### Recorded information:

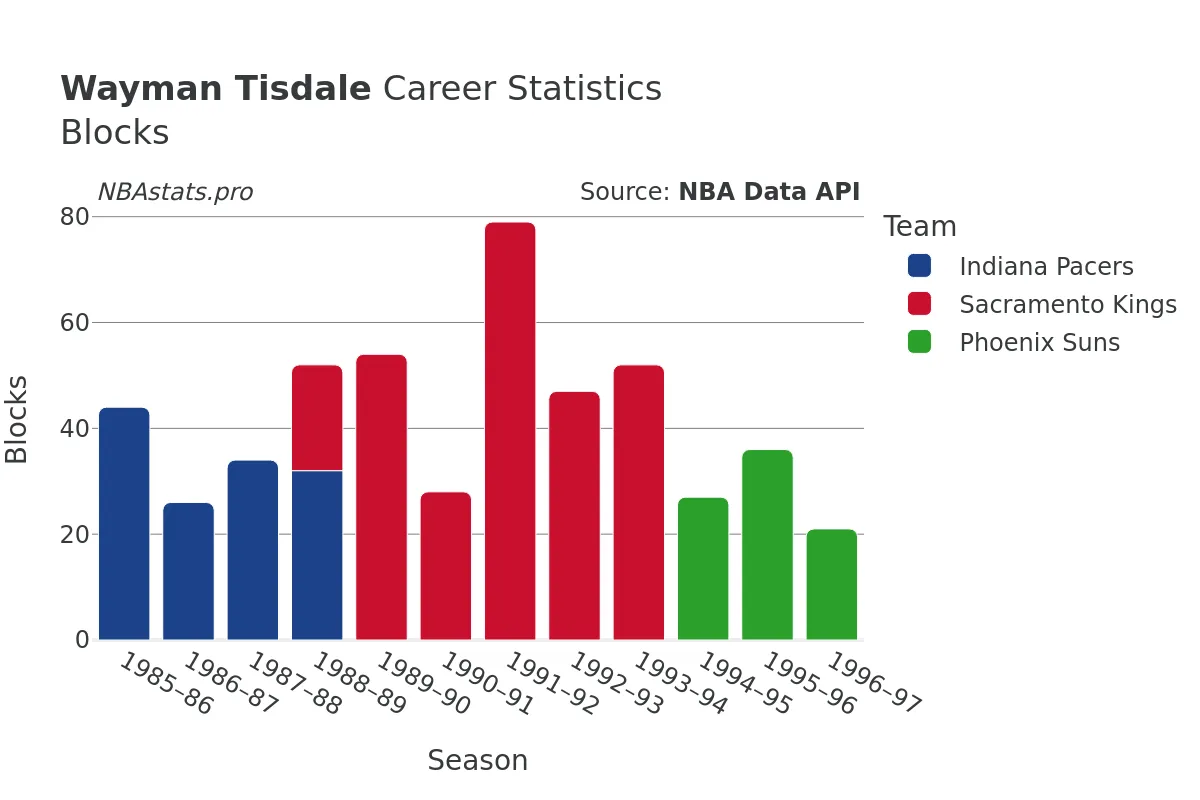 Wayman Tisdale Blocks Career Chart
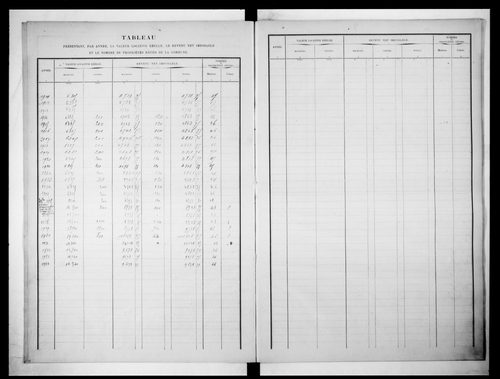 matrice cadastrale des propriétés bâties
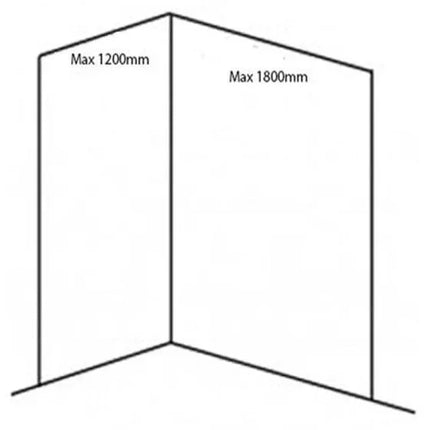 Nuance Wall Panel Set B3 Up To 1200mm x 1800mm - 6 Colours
==
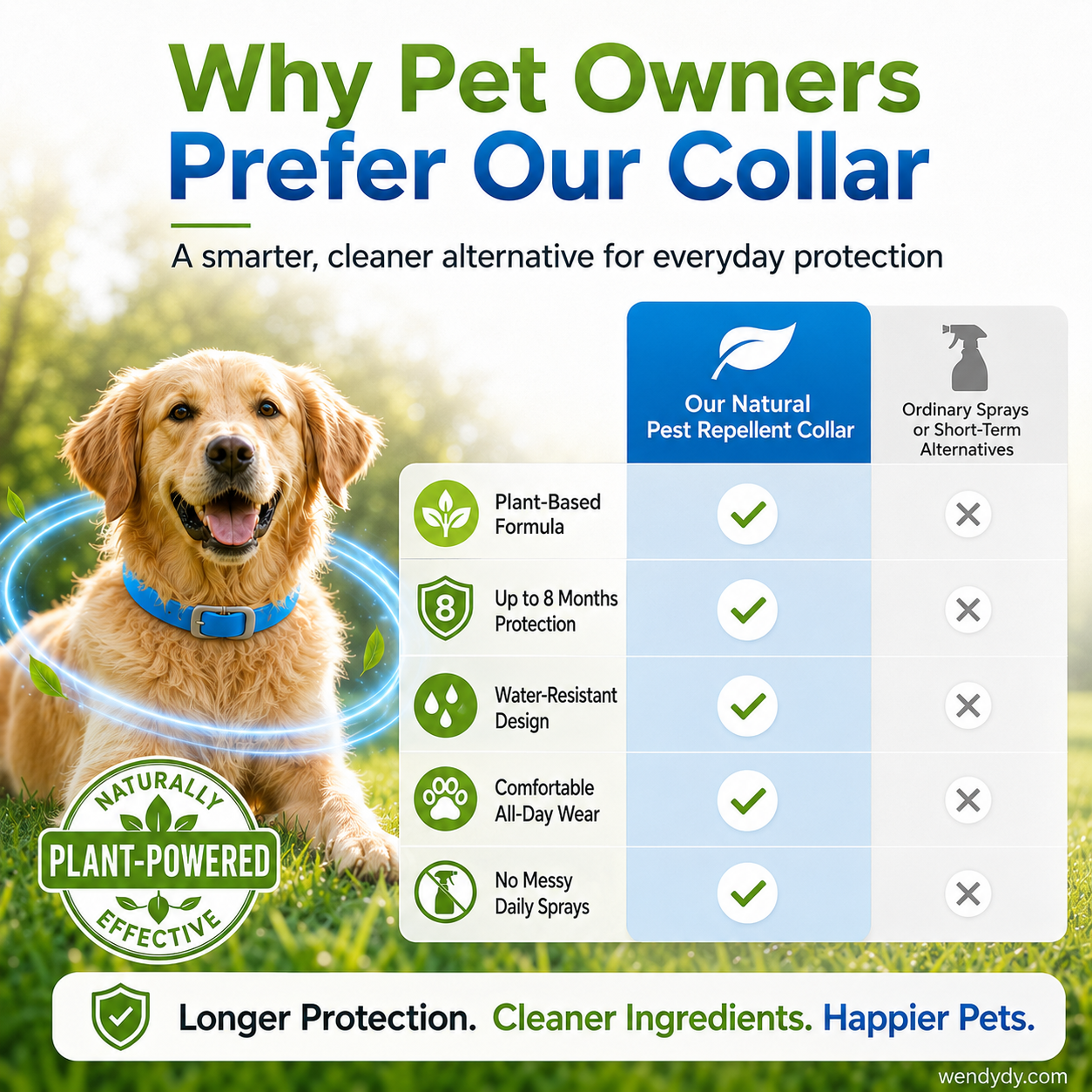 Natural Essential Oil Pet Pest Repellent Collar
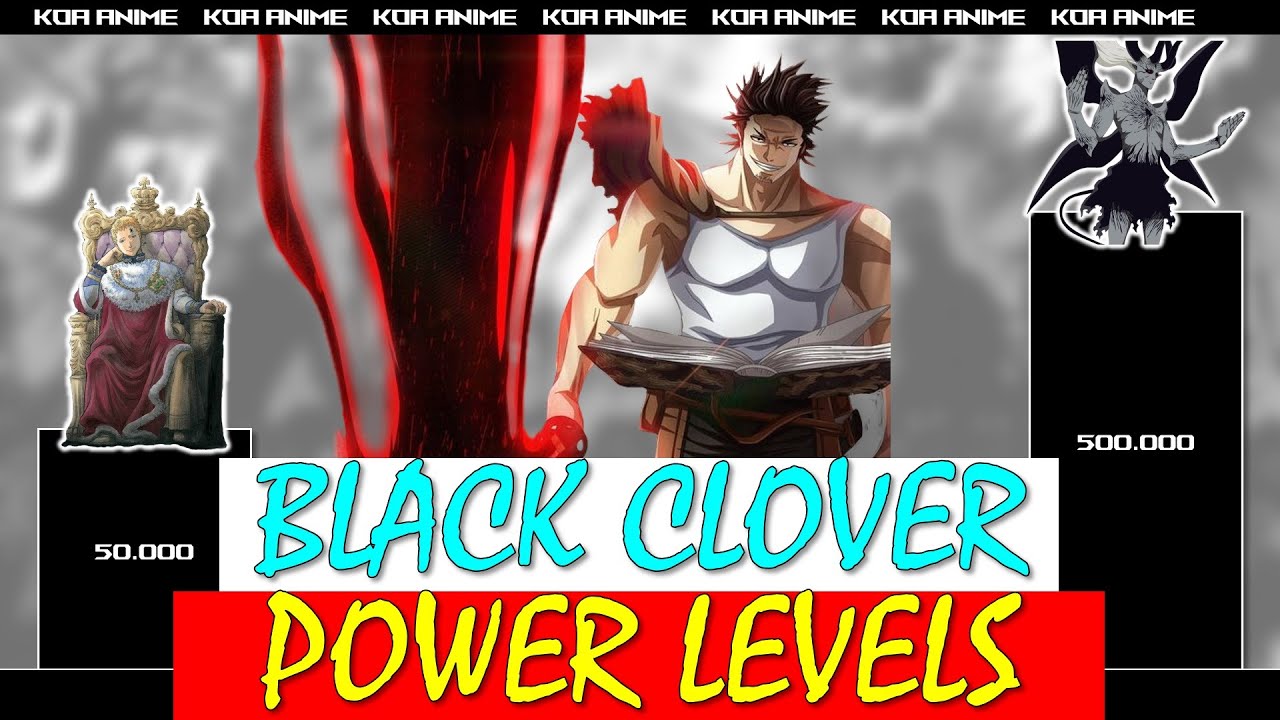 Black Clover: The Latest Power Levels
...
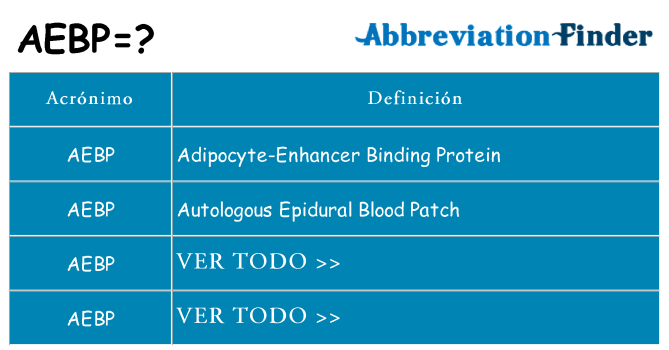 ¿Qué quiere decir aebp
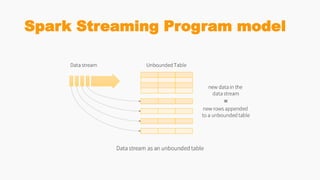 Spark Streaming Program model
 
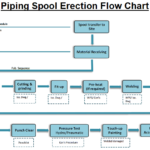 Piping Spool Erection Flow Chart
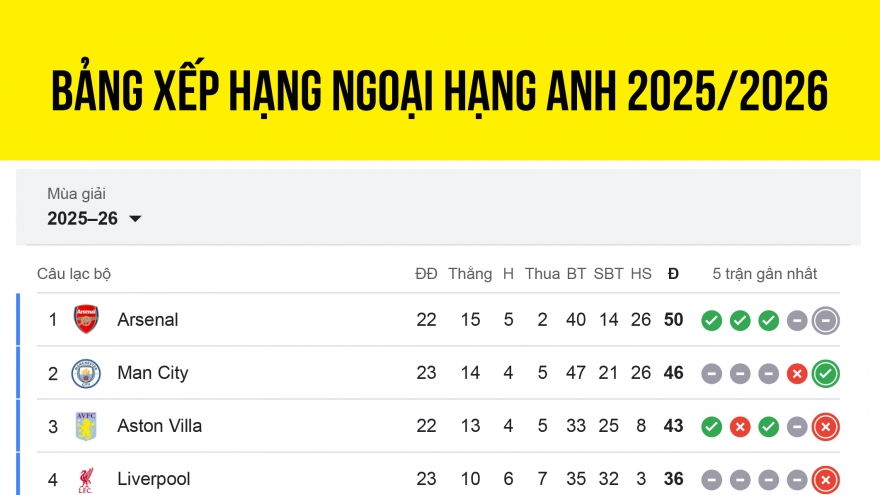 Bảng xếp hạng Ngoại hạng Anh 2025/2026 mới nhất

### Your task:
Write out, word for word, the stretch of entries that begins at the line with "matrice cadastrale des propriétés bâties" and ends at the line with "Nuance Wall Panel". Pictures do not belong in it.

### Written response:
 matrice cadastrale des propriétés bâties
 Nuance Wall Panel Set B3 Up To 1200mm x 1800mm - 6 Colours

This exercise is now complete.